TRIBUNNEWS.COM, JAKARTA - Kekalahan Koalisi Indonesia Hebat dalam mengisi kursi pimpinan MPR menegaskan rendahnya kualitas dan keterampilan berpolitik pendukung Joko Widodo dan Jusuf Kalla. Demikian disampaikan Ketua SETARA Institute Hendardi melalui pesan singkat, Rabu (8/10/2014).
"Apalagi, Koalisi Indonesia Hebat juga kalah dalam pemilihan pimpinan DPR salah satu penyebabnya adalah sikap "gede rasa" KIH dengan kemenangan Jokowi-JK dan melupakan konstituen, relawan, dan masyarakat sipil dalam proses politik di parlemen," kata Hendardi.
Menurut Hendardi, KIH semakin berjarak dengan kelompok kritis yang selama ini mengawal dan mendukung kemenangannya dalam Pilpres.
Kalau KIH bisa membawa keluar suksesi kepemimpinan di DPR dan MPR sebagai diskursus publik dan partisipasi berkualitas, kata Hendardi, semestinya KIH bisa kembali mengulang kemenangan.
"Kanal komunikasi publik ini yang semestinya dibangun untuk memperoleh dukungan, meski secara formal publik tidak memiliki hak suara dalam pengambilan keputusan.
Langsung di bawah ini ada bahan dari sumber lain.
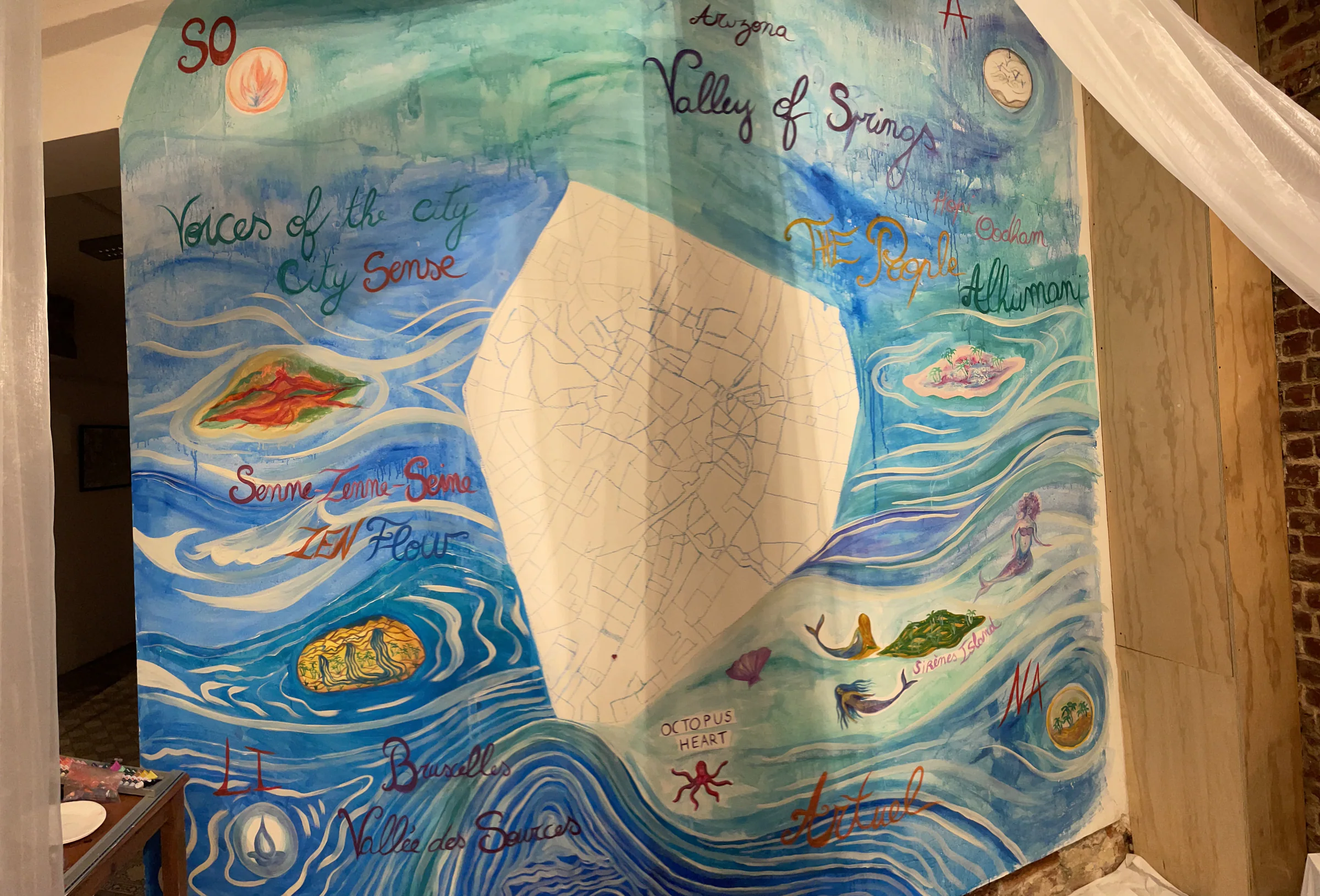 Grande fresque marine peinte sur un mur, avec des poissons, des coquillages et des mots.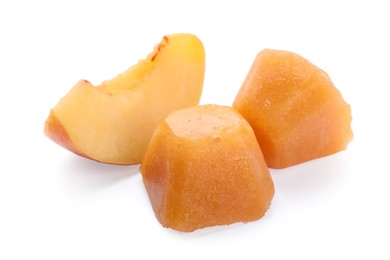 Photo of Frozen nectarine puree cubes and fruit on white background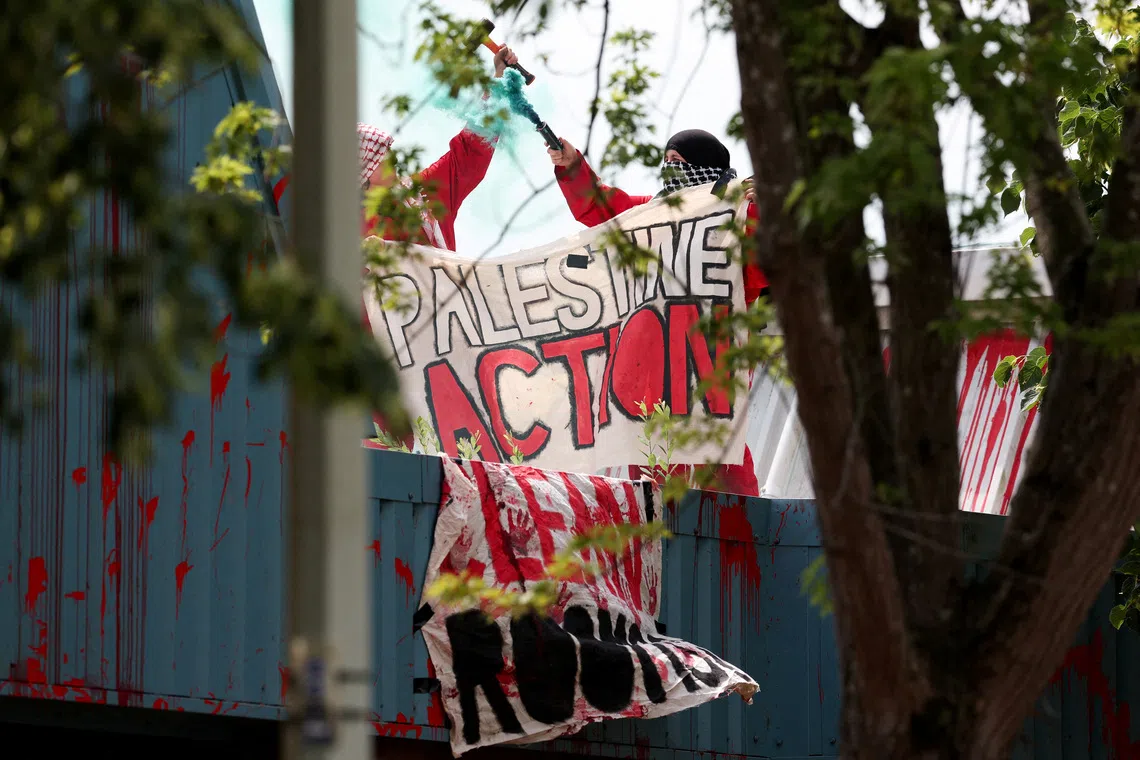 Protesters from \"Palestine Action\" demonstrate on the roof of Guardtech Group in Brandon, Suffolk, Britain, July 1, 2025. REUTERS/Chris Radburn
Ini pelajaran penting bagi KIH dan Jokowi-JK," tuturnya.
Ia mengatakan KIH juga terlalu percaya diri dengan dukungan PPP dan DPD yang sebenarnya belum teruji soliditasnya. Pasalnya, tutur Hendardi, mereka bukanlah mitra koalisi yg strategis, seperti PKB, Nasdem, dan Hanura.
"PDIP juga diam-diam menghendaki voting setelah mendapat dukungan PPP dan DPD, padahal gagasan untuk musyawarah mufakat semestinya tetap menjadi pilihan yang diutamakan," imbuhnya. "Setelah ada dukungan DPD dan PPP, KIH juga sama nafsunya untuk berkuasa seperti KMP."
Usai pemilihan pimpinan DPR, DPD, dan MPR, Hendardi mengatakan kini saatnya bekerja dan publik akan mengawasi kinerja parlemen dalam membangun bangsa.
"Jangan pernah sedikitpun berniat dan bertindak mengembalikan iklim demokrasi yang sudah diraih. Apalagi berpikiran mengubah sistem pemilihan presiden dari langsung menjadi tidak langsung," ungkapnya.